_ENTRIES SUPPLIED_:
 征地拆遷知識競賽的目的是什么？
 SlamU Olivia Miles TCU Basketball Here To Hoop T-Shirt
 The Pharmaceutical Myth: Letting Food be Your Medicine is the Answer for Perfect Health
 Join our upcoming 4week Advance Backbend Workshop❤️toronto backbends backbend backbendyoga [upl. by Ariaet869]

* * *

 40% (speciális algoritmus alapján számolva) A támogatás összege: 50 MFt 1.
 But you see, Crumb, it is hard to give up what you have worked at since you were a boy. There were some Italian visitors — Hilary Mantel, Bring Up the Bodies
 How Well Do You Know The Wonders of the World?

_TASK_:
Here the output must be the lines above from the line with "But you see, Crumb, it" to the line with "How Well Do", both included, duplicated word for word and nothing else.

_RESPONSE TO THE TASK_:
 But you see, Crumb, it is hard to give up what you have worked at since you were a boy. There were some Italian visitors — Hilary Mantel, Bring Up the Bodies
 How Well Do You Know The Wonders of the World?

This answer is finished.